═════ SUPPLIED DATA

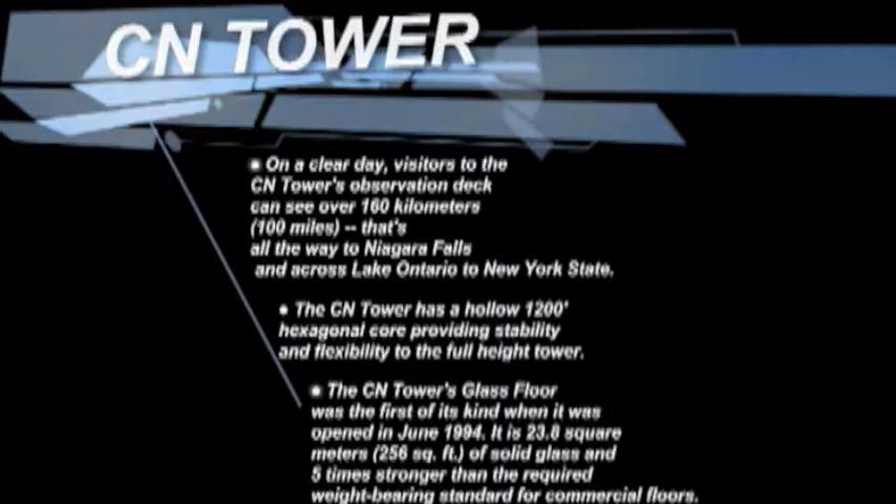The CN Tower's glass floor was the first of its kind when it opened in June 1995. It is 23.8 square meters of solid glass and five times stronger than required weight bearing for standard commercial floors.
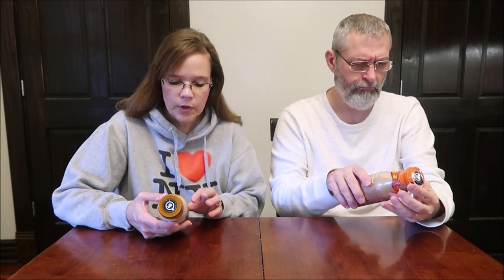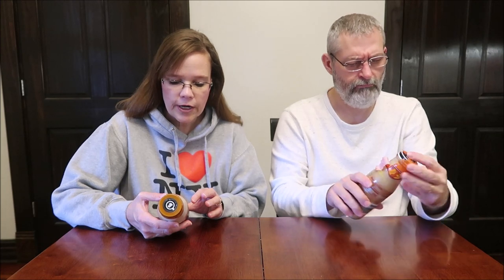Shake well, which I did before we started the video. Serve chilled, which I did. These were bought — they weren't in the refrigerator at Aldi, they were just on the regular shelf. But you want to serve it chilled, so we brought it home and I put it in the refrigerator.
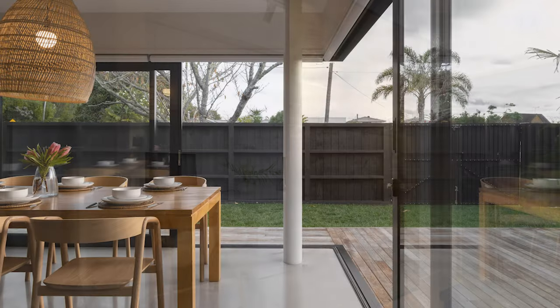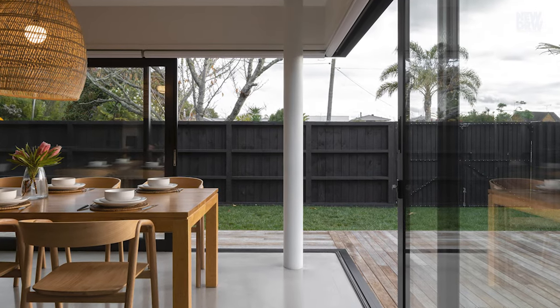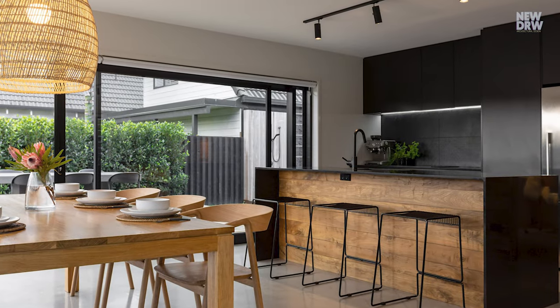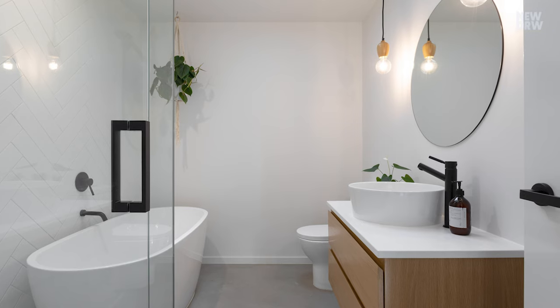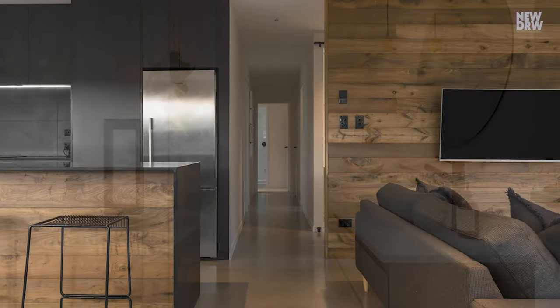Bold boundary fencing provides privacy, while enhancing the home's connection to its surroundings. A large prairie tree was repurposed into interior paneling, adding a touch of natural warmth to the steel and concrete exterior. This transformation is a testament to the power of creative design to breathe new life into even the most unassuming spaces.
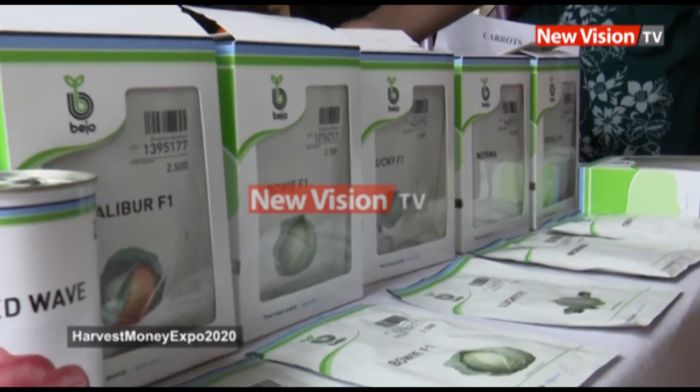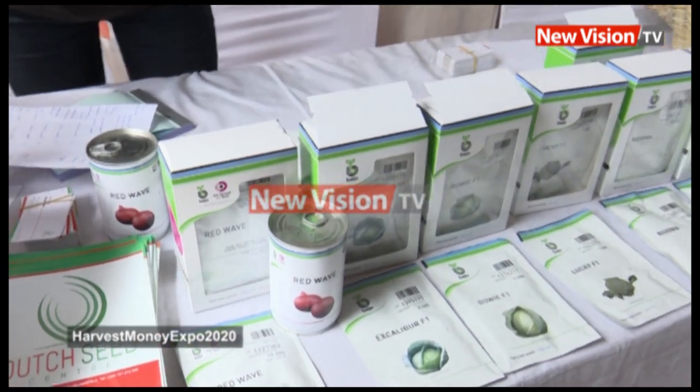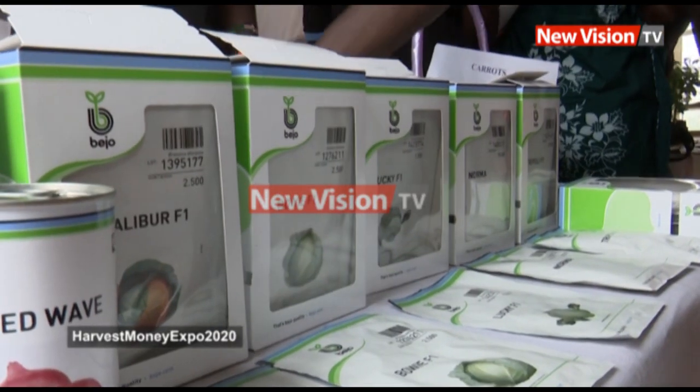We also have the cabbages. We have the Excalibur F1 and Bowie — these are really resistant varieties. You don't have black rot in your cabbages and they're high yielding. These ones will give you a really big cabbage, two to three kilograms, and they're resistant to black rot.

══════════

**WORK TASK:** Everything from the line above that contains "Shake well, which" down to the line that contains "Bold boundary fencing" must be reproduced exactly, both ends included. Omit the pictures.

**ANSWER SPACE:**
Shake well, which I did before we started the video. Serve chilled, which I did. These were bought — they weren't in the refrigerator at Aldi, they were just on the regular shelf. But you want to serve it chilled, so we brought it home and I put it in the refrigerator.
Bold boundary fencing provides privacy, while enhancing the home's connection to its surroundings. A large prairie tree was repurposed into interior paneling, adding a touch of natural warmth to the steel and concrete exterior. This transformation is a testament to the power of creative design to breathe new life into even the most unassuming spaces.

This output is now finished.